The Live Labs Relay seemed a bit like magic. It allowed creating a local web service that ran on your own Windows desktop or laptop in nearly any network environment, even residing behind firewalls and NATs, and made that service publicly discoverable and accessible from clients anywhere.

The magic is still alive. Today, the evolution of that Relay, which emerged exactly 10 years ago, lives on as a commercially available capability set as part of Azure Service Bus. Azure Active Directory, whose precursor “Live Labs STS” was announced on the same day and which ran on that exact same machine and Azure Service Bus, were the first publicly visible steps towards today’s Azure platform.

Azure Service Bus has grown up since then. A lot. The successors of that one machine are many dozens of large clusters, some with several hundred compute cores, available around the world and in all Azure regions. Service Bus Relay and Brokered Messaging handle hundreds of billions of message transfers each month, moving petabytes of data.

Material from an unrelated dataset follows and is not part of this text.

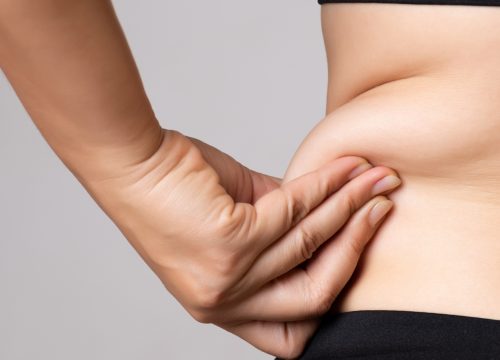 Unwanted fat on a womans hip area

Service Bus also had babies. And now, they’re already adults. Azure Event Hubs is a large scale event ingestion service that moves trillions of events per week. Azure Notification Hubs distributes billions of push notifications to mobile devices. Azure IoT Hub allows connecting millions of devices, from thermostats to connected cars, to bi-directionally communicate with cloud-based systems.

It’s been a fabulous 10 years. Thank you for letting us build and run this service for you, and for giving us feedback and ideas to keep making Service Bus better.

We will keep working to stay on top of the most stringent enterprise requirements, especially around alignment with network security management practices, and we will make new protocol surface area investments to reach developers on any platform they prefer. You will see us creating more new services that open up scenarios or that simplify existing ones, and we will create new programming models that simplify the development of highly reliable and highly available distributed applications. 

Happy anniversary, Service Bus!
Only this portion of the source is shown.